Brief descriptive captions
*** Begin section ***

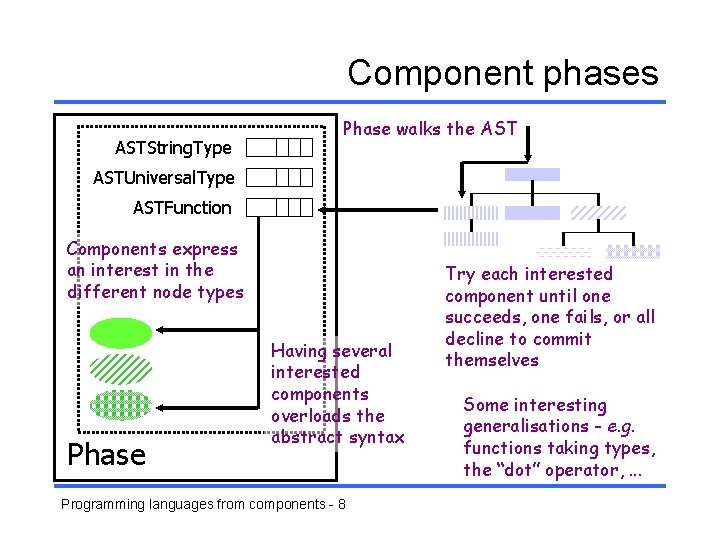 Component phases ASTString. Type Phase walks the ASTUniversal. Type ASTFunction Components express an interest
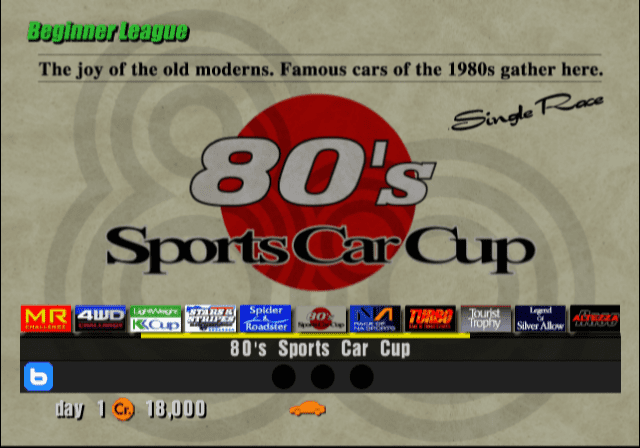 80's Sports Car Cup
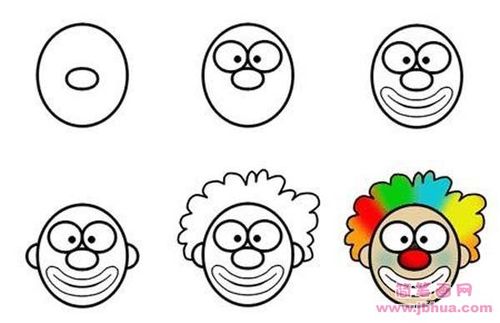 小丑头像简笔画画法步骤怎么画小丑头像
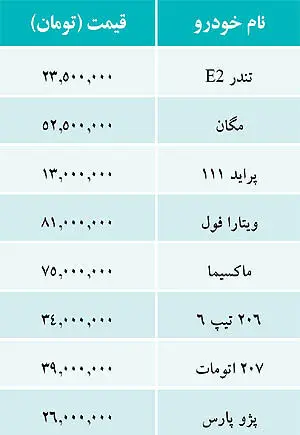 قیمت خودروهای داخلی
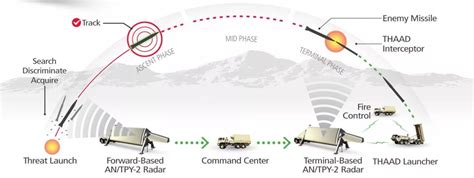 中国"CNMD"反导系统已成熟，唯一不足，拦截弹射程还是太近了|反导系统|拦截弹|射程_新浪新闻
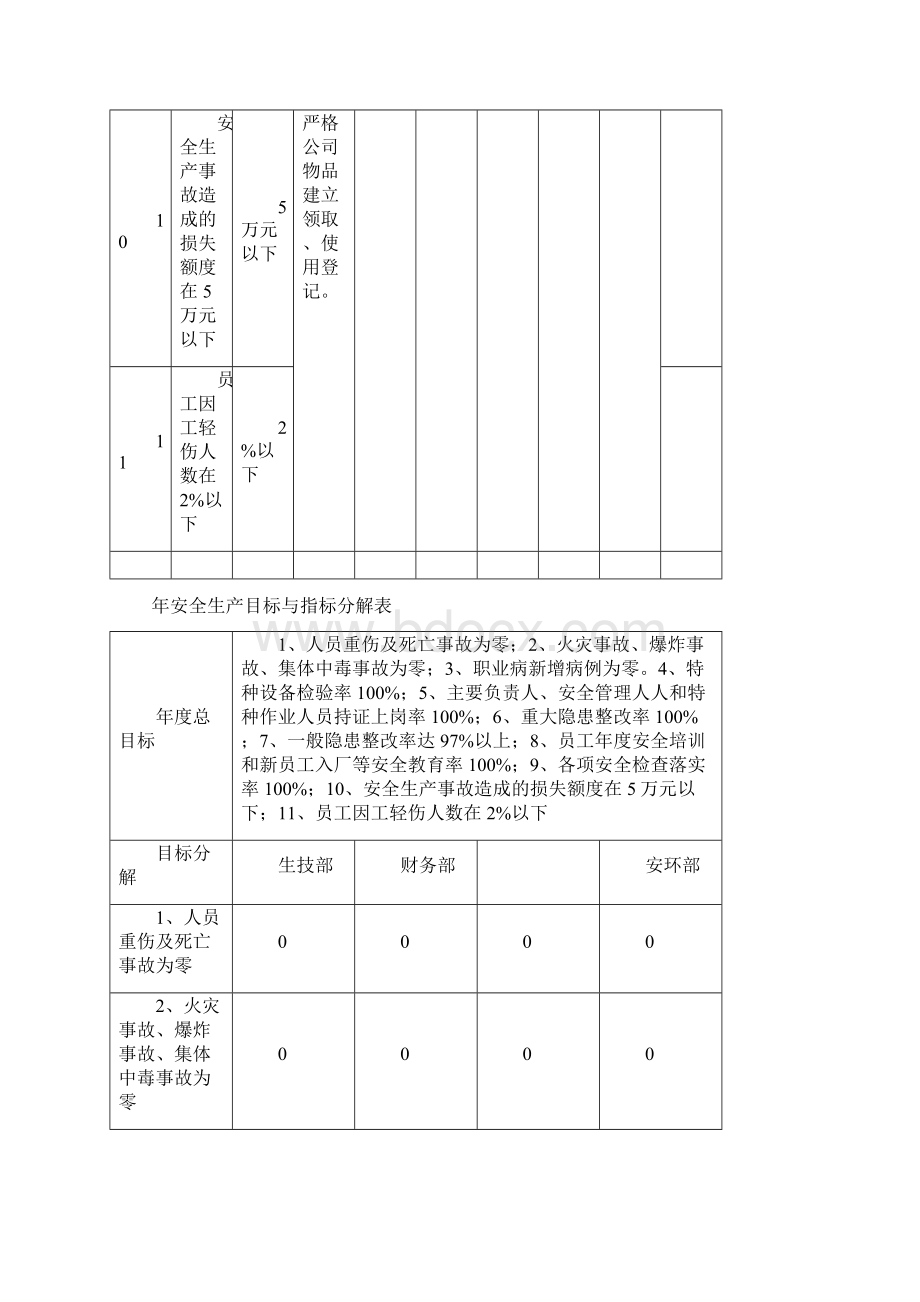 安全生产目标作业文件表单.docx_第3页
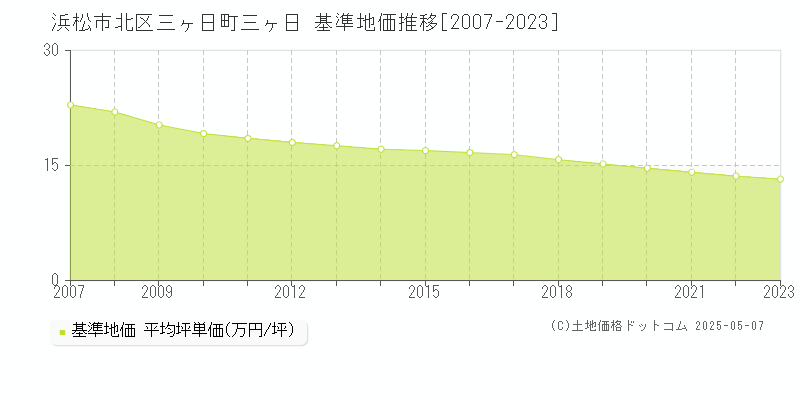 三ヶ日町三ヶ日(浜松市北区)の基準地価推移グラフ(坪単価)[2007-2023年]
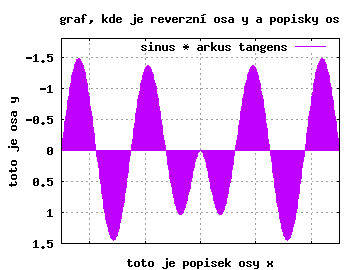 graf, kde je reverzní osa y a popisky os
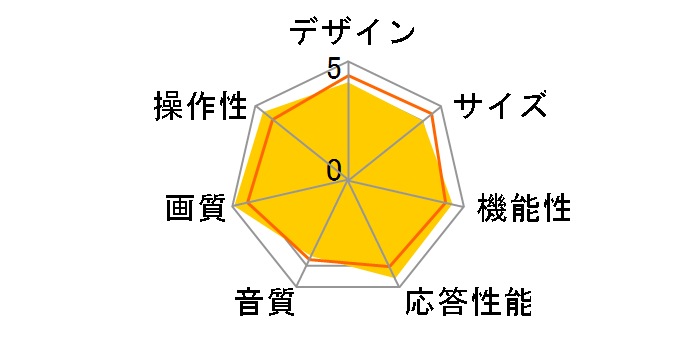 REGZA 46ZX8000 [46�C���`]�̃��[�U�[���r���[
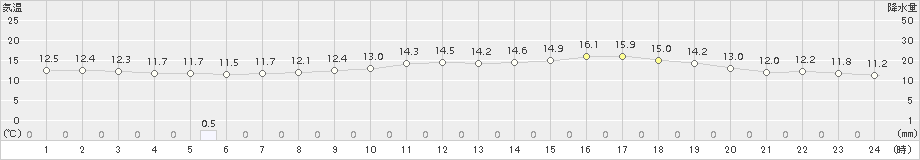 朝日(>2017年05月24日)のアメダスグラフ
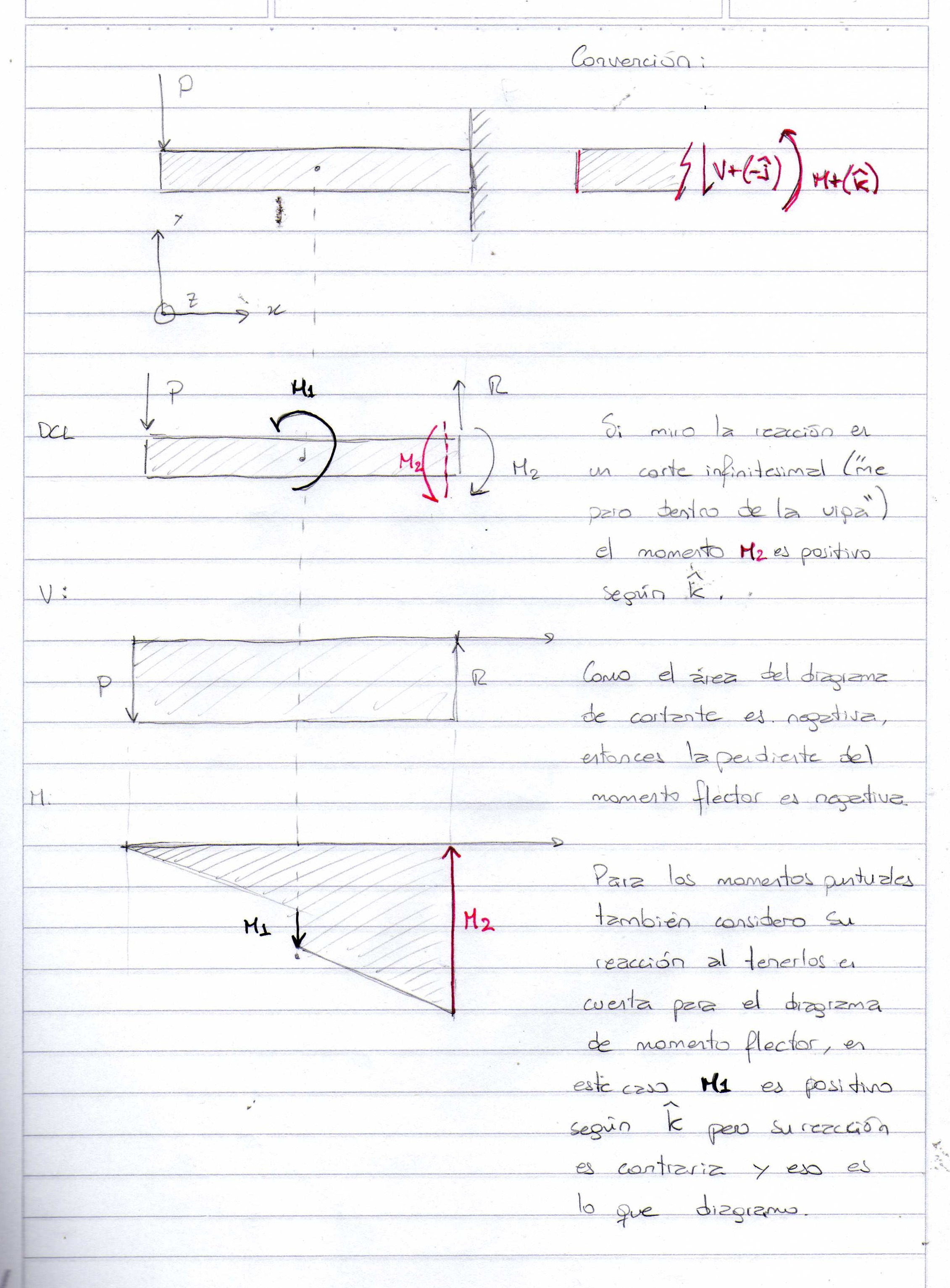 Adjunto Solución Ejercicio 1008.jpg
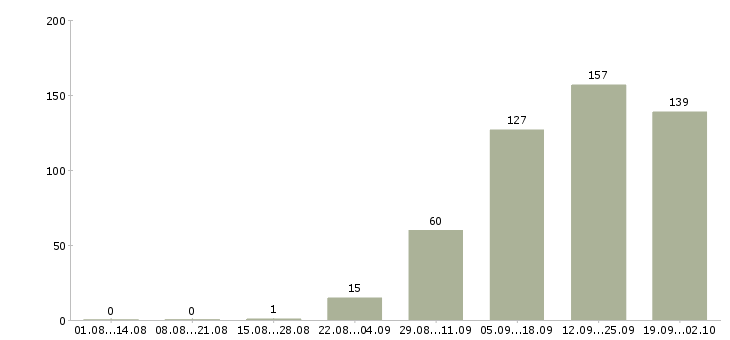 Работа специалист отдела дмс Санкт-петербург - Число вакансий Санкт-петербург по специальности специалист отдела дмс за 2 месяца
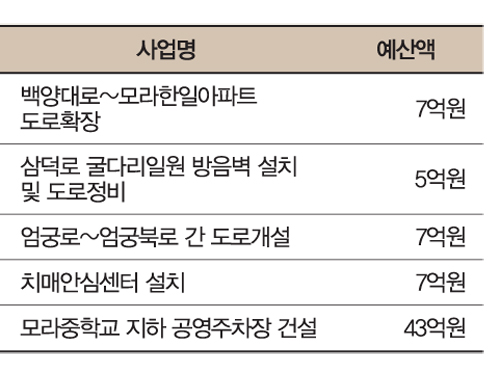 제1회 추경예산 반영 주요사업2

*** End section ***

Exact copy, pictures excluded: print only the lines from the line containing "安全生产目标作业文件表单.docx_第3页" through the end of the records.

 安全生产目标作业文件表单.docx_第3页
 三ヶ日町三ヶ日(浜松市北区)の基準地価推移グラフ(坪単価)[2007-2023年]
 graf, kde je reverzní osa y a popisky os
 REGZA 46ZX8000 [46�C���`]�̃��[�U�[���r���[
 朝日(>2017年05月24日)のアメダスグラフ
 Adjunto Solución Ejercicio 1008.jpg
 Работа специалист отдела дмс Санкт-петербург - Число вакансий Санкт-петербург по специальности специалист отдела дмс за 2 месяца
 제1회 추경예산 반영 주요사업2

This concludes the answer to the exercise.